After making all those purchases i owed my credit card company a lot of money. I paid the minimum i had to in order to avoid interest on the balance and decided that i could not allow myself to make any further purchases until my paychecks had gone to completely paying off the credit card. This meant i could no longer buy weekly food at the grocery store. I began living off the dry items in the pantry. Mostly rice and beans and one bag of oats. After a month i began to hunger for something different; flavor and texture wise. I missed fruit immensely. I missed crunchy things.

Every grasshopper looked like gold to me. Every wild onion flower spoke of buried treasure and i spent hours digging up chunks of grass all over the property with the shovel, trying to unearth these tiny morsels of sustenance.

I discovered both the bulb and the green part of the wild onion were edible. I separated them into my apron pockets as i dug and put them into baggies upon returning to the house.

One night i found two little russet potatoes i had put in the refrigerator door when they had started sprouting and i sought to stop the process. I had forgotten about them. I hurriedly grabbed my baggies of foraged wild onions and stalks. There would be real food, real sautéed food for supper that night. The kitchen would make something other than mashed lentils and rice gruel. Something to chew!

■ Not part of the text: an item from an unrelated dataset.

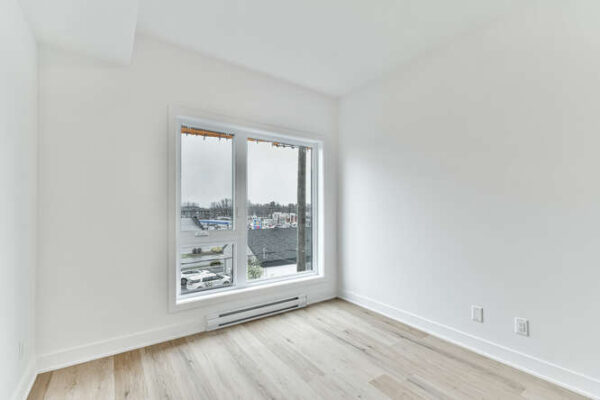 Appartement 3 chambres lumineux avec vue sur le port à Saint-Charles-Borromée, idéal pour la gestion immobilière et l'investissement locatif.
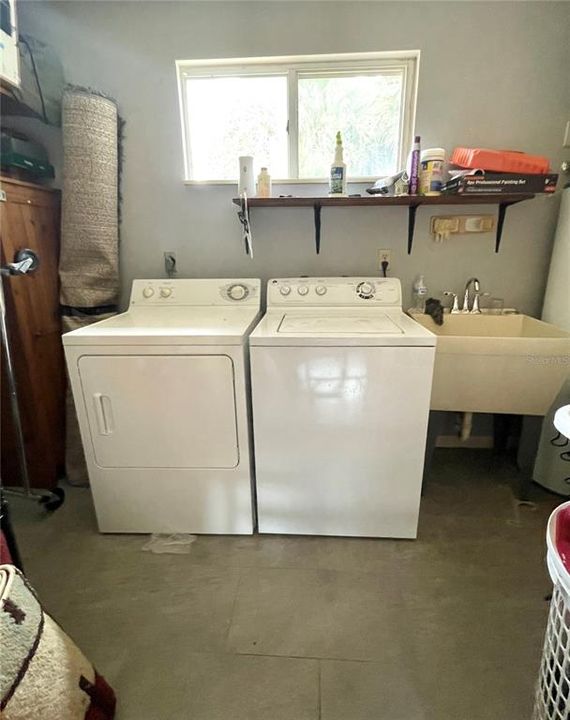 For Sale: $180,000 (2 beds, 2 baths, 1288 Square Feet)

Around this time my cherry tomatoes on the potted porch plant began to ripen. Each one was a life sustaining morsel of goodness to me. Something to taste. Something to provide nutrition.

I took nothing for granted at this time. I saw the value in every tomato, every onion, every insect i was able to capture and i thanked God for giving me the opportunity to eat.

Every evening i would spend a little time foraging for bugs and wild edibles. I was reminded of my childhood when we had unearthed the tiny wild onions to use as food for our troll dolls and placed them into the little plastic chests we took with them on their migrations. In every play story we enacted the troll dolls were fleeing to escape some kind of persecution and they took only their children and the food chests with them. They would cross rivers and climb mountains in order to finally start a life anew in the back yard where there was warm weather, plenty of sunshine, and the barbies and polly pockets were tolerant of each others’ differences.